Weep For Nigeria Our Country!


By Yemisi Shyllon
As a concerned Nigerian, I must  publicly lament the lacklustre management of the economy and the misplaced priorities of the government and its leaders. This mismanagement can be found in the widespread squandering of our national resources by the federal government and the majority of our state governments (except a few), in proposing to spend in 2013 over 70 per cent of their projected incomes on recurrent expenditures. Most of these recurrent expenditures are used to fund bloated and poorly performing executive arms of governments and their agencies, idle legislative arms, which are largely acclaimed to be self- serving and corrupt; equally idle and over bloated, but well entrenched systematically corrupt body of civil servants and a de-motivated and poorly equipped military and police. The small percentage left of our 2013 projected national revenue on capital expenditure is habitually expected to be spent in financing the machinery of ruling political parties in grossly inflated contracts that are usually awarded not for the purpose of performance, but for rewarding political jobbers and family members.

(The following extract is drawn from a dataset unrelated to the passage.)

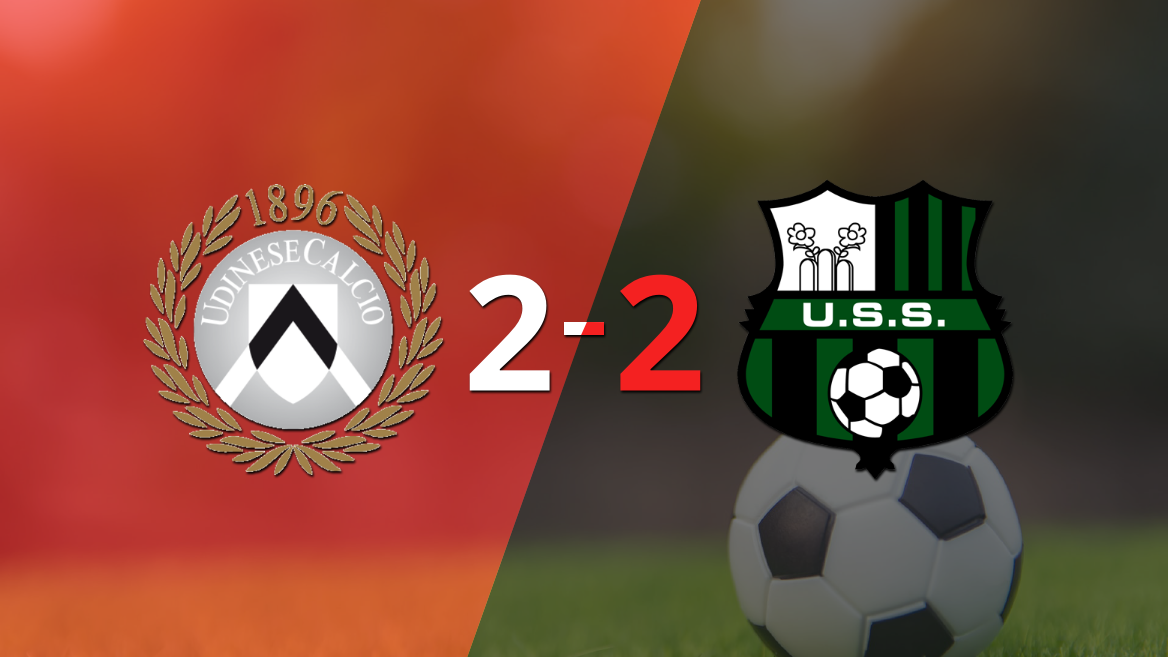Udinese y Sassuolo sellaron un empate a dos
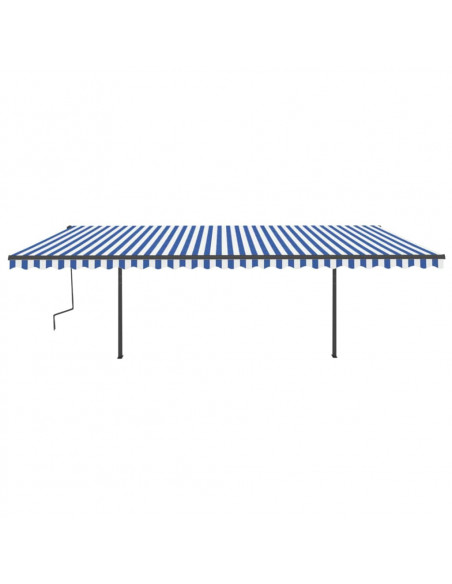 Tenda da Sole Retrattile Manuale con LED 6x3,5 m Blu e Bianca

For decades as a nation, we have generated hundreds of billions of dollars from exporting crude oil with little to show for it in terms of investing in sustainable development programmes, increasing the living standard of Nigerians, producing well planned and coordinated infrastructural developments and putting economic structures in place to compensate for our ever growing and uncontrolled population. Statistical justification for this assertion can be found in the recently published Mo Ibrahim Governance Index of 2012, which identified the top 10 African countries that showed improvements in governance during the year reviewed. In descending order, they are Mauritius, Cape Verde, Botswana, Seychelles, South Africa, Namibia, Ghana, Tunisia, Lesotho and Tanzania. Tanzania made it to the top 10 for the first time in 2012. Guinea Bissau, the small Portuguese-speaking West African country, and Nigeria were classified as the worst African economic performers. Nigeria was listed in that report among the three worst governed countries, where there are steep declines in safety, the rule of law and a rise in human right abuses.

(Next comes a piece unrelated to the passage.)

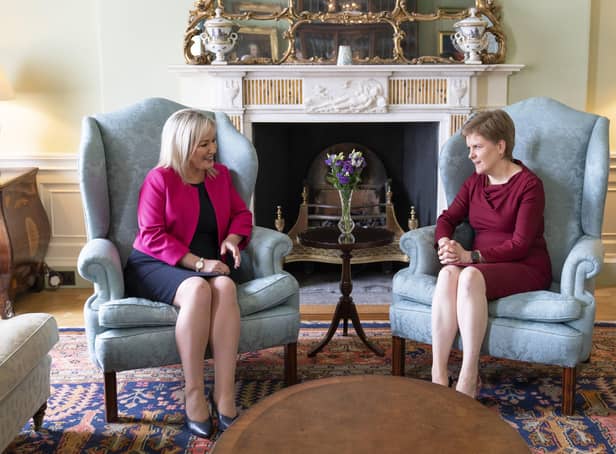 EDINBURGH, SCOTLAND - MAY 20: First Minister Nicola Sturgeon (R) and Sinn Fein Vice President Michelle O'Neill ahead of a meeting at Bute House on May 20, 2022 in Edinburgh, Scotland. O'Neill became the leader of the largest party in the Northern Ireland Assembly after recent elections. O'Neill and Sturgeon met to discuss areas of common ground including the cost of living crisis, the Northern Ireland Protocol and the formation of the new Northern Ireland Executive. (Photo by Jane Barlow - Pool / Getty Images)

In Nigeria, we don’t engage in meaningful debates, but are very good at prayers and throwing parties. We are predominantly a nation of consumers, not producers. We export crude oil, unprocessed agricultural products, import refined petroleum and all processed basic food items, including unnecessary, superfluous and luxurious goods. We love the good things of life, but generally forget to plan for the future as a nation. We take planning, setting and monitoring of developmental goals and hard work with levity. With very little godliness in our lives, we hypocritically proclaim and showcase our religiosity for all to observe and then go to sleep expecting miracles to happen. Our elites and leaders are best at simply displaying the rottenness of what has become Nigeria. This is very sad. At this rate, the ship of our economic state as is heading for disaster if we fail to act. We should be worried and sad at the way our leaders display wealth with abandon. Nigeria has exported crude oil for over 50 years and has basically imported refined petroleum virtually all of this time. We feel contented doing so without our leaders taking advantage of our crude oil endowment to develop local industries, refine it to become net exporters of refined petroleum, enhance our productive, technical and scientific development around the about 2,000 chemical derivative products obtainable from crude oil and in the process of all these, generate employment for over 65% of our 160million plus population, who are youths.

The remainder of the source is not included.